Measure Distance Centroid method
L1 L1 distance component-wise median
L2 L2 distance geometric median via Weiszfeld's algorithm
SQRL2 squared L2 distance; a Bregman divergence Weighted mean of points
Itakura-Saito IS distance, a Bregman divergence Weighted mean of points
Reverse Itakura-Saito RIS distance, a Bregman divergence Weighted mean of points
Symmetrized Itakura-Saito SIS distance, a convex combination of Bregman divergences Weighted mean of points
Reverse Symmetrized Itakura-Saito RSIS distance, a convex combination of Bregman divergences Weighted mean of points
KL Divergence KL divergence, a Bregman divergence Weighted mean of points
Reverse KL RMKL distance, a Bregman divergence Weighted mean of points
JSD JSD, a convex combination of KL divergences Weighted mean of points
UWLLR UWLLR, a symmetric, linear combination of KL divergences Weighted mean of points
LLR LLR, linear combination of KL divergences Weighted mean of points
Total variation distance 1/2 L1 distance in probability space component-wise median
SRLRT square root of the log-likelihood ratio test; may be a metric unknown, using weighted mean
SRULRT square root of the unweighted log-likelihood ratio test (UWLLR); may be a metric unknown, using weighted mean

Measures for which we would like such an algorithm but don't have include:

JSM, the square root of the JSD Bhattacharyya distance Bhattacharyya metric Hellinger distance

LSH functions

L1 nearest-neighbors can be found with Cauchy sampling and p-stable distributions. L2 uses Gaussian sampling + p-stable distributions.
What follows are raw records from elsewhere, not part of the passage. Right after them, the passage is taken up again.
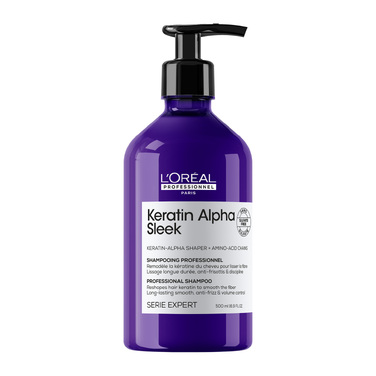 SE Keratin Alpha Sleek σαμπουάν 1x500ml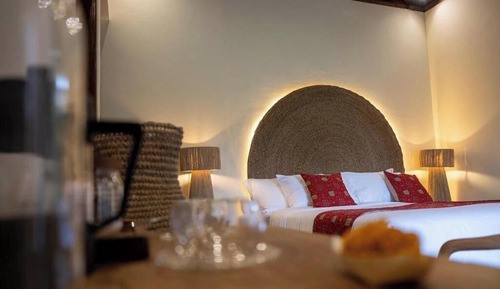 Double or Twin Room, Air conditioning, Garden View
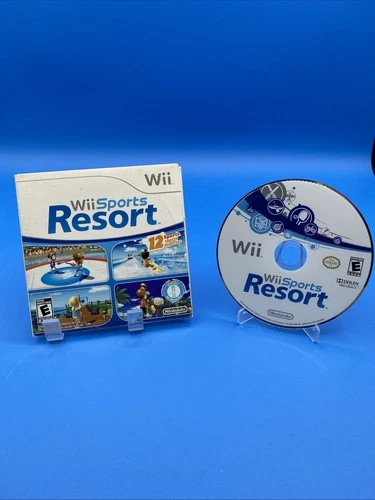 Wii Sports Resort Wii Original Sleeve Version Tested No Manual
Hellinger, JSD, LLR, and UWLLR nearest neighbors can be found using Hellinger/JSD LSH function, which is itself a reduction to the L2 nearest neighbors for the square roots of the probability vectors. Because of the relations between TVD, JSD, and Hellinger, techniques that work for one often work for another.

http://eduardovalle.com/wordpress/wp-content/uploads/2014/10/silva14sisapLargeScaleMetricLSH.pdf provides techniques for non-metrics; additionally, their use of kmeans++ for nearest neighbor lookup comparisons suggests that there may be a way to use importance sampling via D2 sampling as a hack around a proper LSH table.

Measures not supporting EM (JSM, Bhattacharyya metric, or Hellinger) can still be clustered using density-based or linkage-based methods.

Maintaining an efficient, accurate nearest-neighbor structure enables cheap large-scale clustering for most of these.